Schwieriger ist: wenn ich nach einem Arbeitstag nach Hause komme: Gestresst, manchmal genervt, Kopf voll mit tausend Dingen die ich noch machen muss, will, sollte. Wie komme ich da zur Ruhe? Meine bisherige Strategie? Kennt ihr. Was macht ihr da? Wie reguliert ihr Euch?
Mir hilft es, wenn ich mir einen heißen Kakao oder Cappuccino mache. Anderen hilft Sport, wie Rory schon geschrieben hat.
Es dauert eine Weile, bis alte Gewohnheiten überschrieben sind, Merle.
Ich scheue mich davor, meinen Mann zu nötigen, das Zeug zu entfernen. Aber eigentlich wäre es ein deutliches Eingestehen meiner Sucht, verbunden mit der Bitte nach Unterstützung. Ich glaube, ich war nie deutlich genug, weil ich es so wirklich richtig auch nicht wahr haben wollte.
Für einen trockenen Alkoholiker ist ein alkoholfreier Haushalt wichtig!
Und es ist wichtig, dass Dein Mann Bescheid weiß. Er ist der Mensch, der Dir am nächsten steht und zu dem Du am meisten Vertrauen haben solltest. Sprich mit ihm ehrlich, was mit Dir los ist, damit er Dich unterstützen kann.

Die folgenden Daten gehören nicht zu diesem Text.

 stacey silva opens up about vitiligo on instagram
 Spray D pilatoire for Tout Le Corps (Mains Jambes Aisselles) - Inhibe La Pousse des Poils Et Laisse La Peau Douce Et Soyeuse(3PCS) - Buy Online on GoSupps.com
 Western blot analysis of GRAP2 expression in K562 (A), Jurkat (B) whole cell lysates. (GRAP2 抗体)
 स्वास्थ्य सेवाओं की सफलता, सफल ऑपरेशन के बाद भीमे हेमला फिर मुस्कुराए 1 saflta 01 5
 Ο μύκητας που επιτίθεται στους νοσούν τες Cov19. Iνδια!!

Mein Mann hat es am Anfang auch übertrieben gefunden, dass er alle seine Alkoholvorräte entsorgen sollte. Erst als ich ihm erklärt habe, dass es eine Gefahr für mich ist, dass ich im Falle eines Falles alles, wirklich alles an Alkohol trinken würde, hat er verstanden.
Und weil er so froh ist, dass ich nicht mehr saufe, unterstützt er mich gern. Auch Deinem Mann wird nicht verborgen geblieben sein, wie sehr Du Dich verändert hast im Laufe der Zeit unter dem Alkoholeinfluss.
Mein Mann hat allerdings nie viel getrunken, ein Glas oder selten mal 2 Gläser Wein und dann konnte er aufhören. Mittlerweile trinkt er selbst so gut wie keinen Alkohol mehr. Er sagte mir erst kürzlich, dass ihm der Alkohol überhaupt nicht mehr guttut.
Sollte Dein Mann nicht einlenken wollen, könnte es sein, dass er selbst ein Alkoholproblem hat. Aber das wirst Du herausfinden und wirst dann überlegen müssen, wie Du damit umgehst.
Gerade frage ich mich aber auch, ob das stimmt, dass sie das denken. Oder ob mir das egal sein kann.
Es kann Dir völlig egal sein, was andere denken. Das tun sie sowieso!
Du trinkst keinen Alkohol mehr und musst Dich niemanden erklären.
Außer denen, die es wirklich etwas angeht. Nämlich Deinem Mann und Deinen Ärzten. Da ist absolute Offenheit überlebenswichtig.